- [Exercise material]:
□ □ □ □ □ □ □

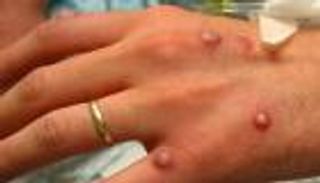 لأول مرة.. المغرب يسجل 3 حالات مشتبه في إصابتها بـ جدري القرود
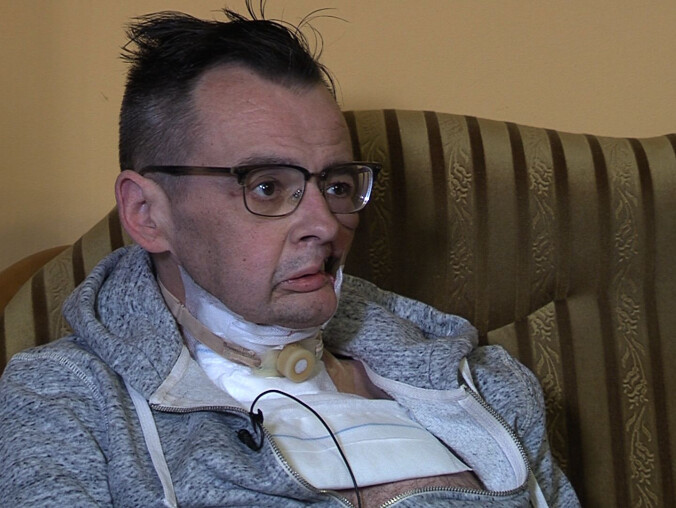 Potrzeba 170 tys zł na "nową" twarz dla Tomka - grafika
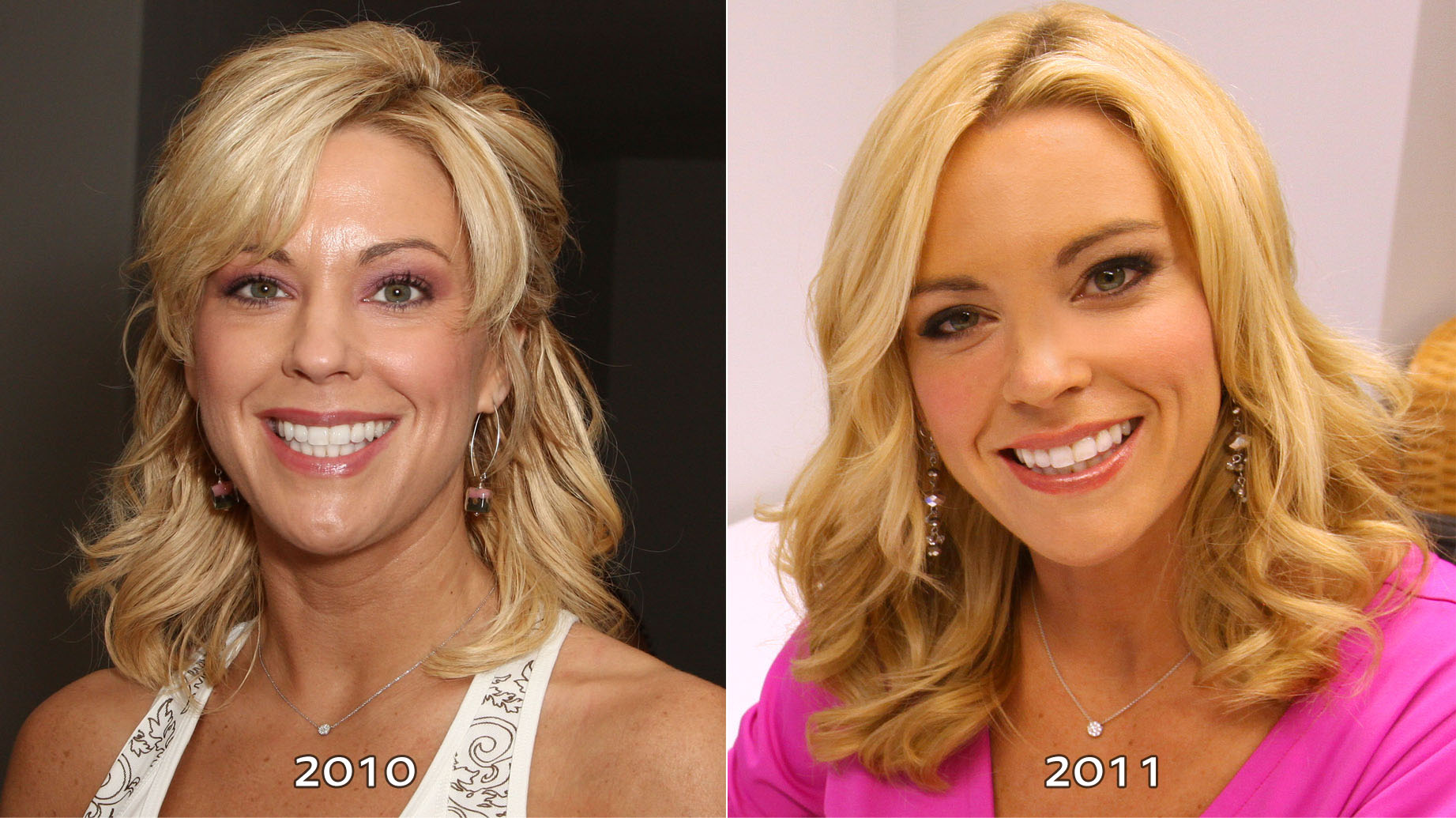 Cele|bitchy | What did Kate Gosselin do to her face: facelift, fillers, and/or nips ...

□ □ □ □ □ □ □

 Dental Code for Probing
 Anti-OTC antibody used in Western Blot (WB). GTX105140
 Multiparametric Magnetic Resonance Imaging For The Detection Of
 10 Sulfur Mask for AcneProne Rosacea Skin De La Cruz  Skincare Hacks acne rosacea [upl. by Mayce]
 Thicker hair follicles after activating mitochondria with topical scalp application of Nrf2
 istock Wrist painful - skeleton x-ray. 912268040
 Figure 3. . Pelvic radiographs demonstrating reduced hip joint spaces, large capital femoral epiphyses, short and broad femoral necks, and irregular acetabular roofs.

□ □ □ □ □ □ □

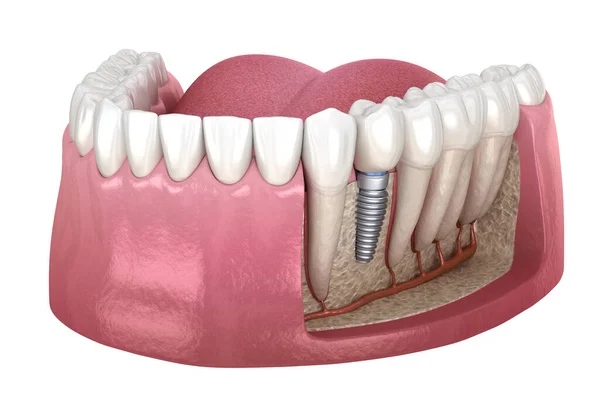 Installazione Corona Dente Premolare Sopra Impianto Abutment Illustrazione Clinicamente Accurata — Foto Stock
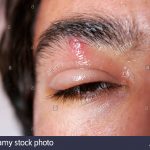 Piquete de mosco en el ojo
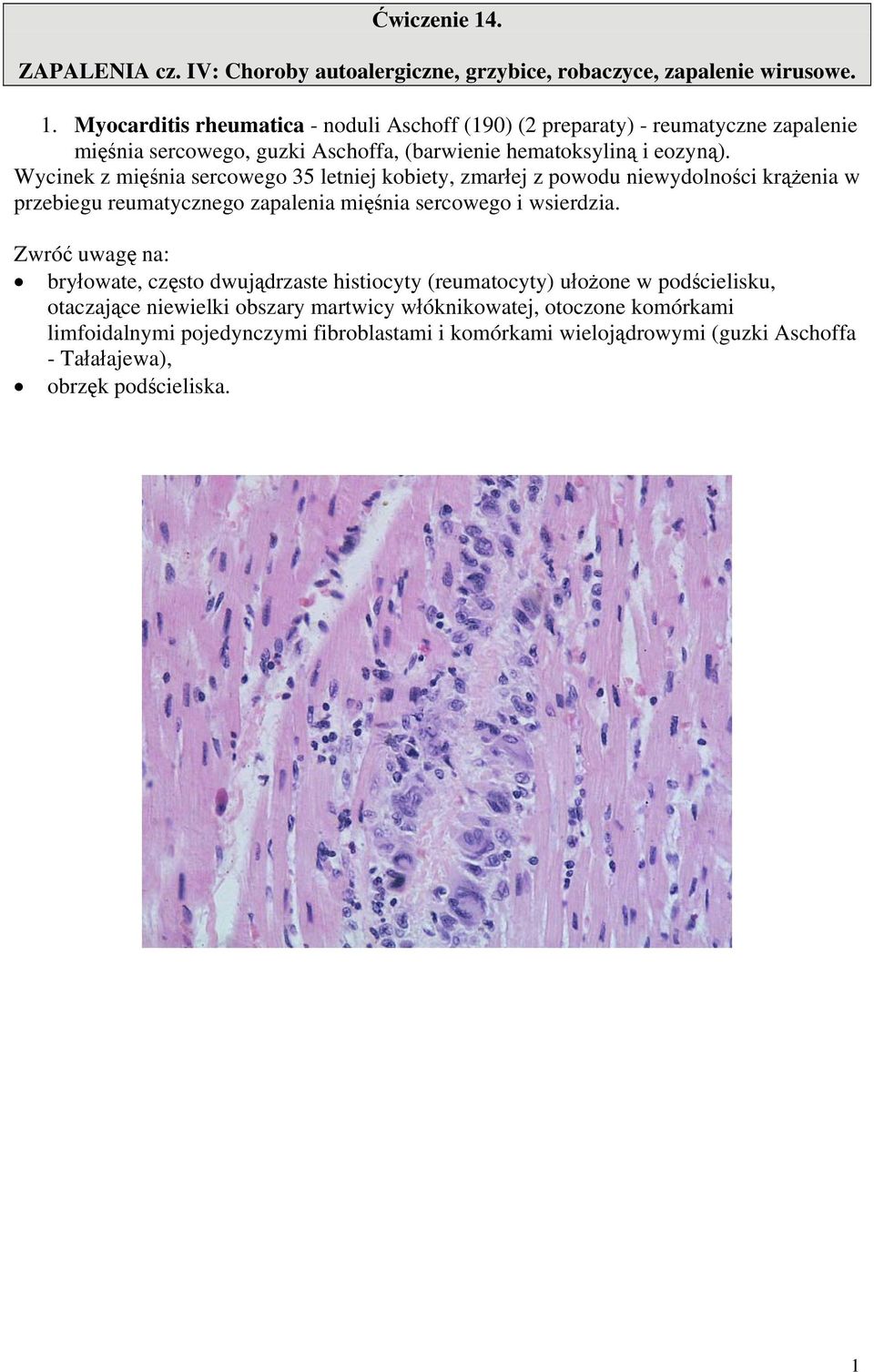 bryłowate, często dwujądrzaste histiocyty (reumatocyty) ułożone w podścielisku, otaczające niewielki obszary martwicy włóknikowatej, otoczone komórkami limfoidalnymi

□ □ □ □ □ □ □

- [Task details]: Above are the records; from them, give again exactly the lines from the one containing "Anti-OTC antibody used" through the one containing "Figure 3. .", both included.

- [Answer below]:
 Anti-OTC antibody used in Western Blot (WB). GTX105140
 Multiparametric Magnetic Resonance Imaging For The Detection Of
 10 Sulfur Mask for AcneProne Rosacea Skin De La Cruz  Skincare Hacks acne rosacea [upl. by Mayce]
 Thicker hair follicles after activating mitochondria with topical scalp application of Nrf2
 istock Wrist painful - skeleton x-ray. 912268040
 Figure 3. . Pelvic radiographs demonstrating reduced hip joint spaces, large capital femoral epiphyses, short and broad femoral necks, and irregular acetabular roofs.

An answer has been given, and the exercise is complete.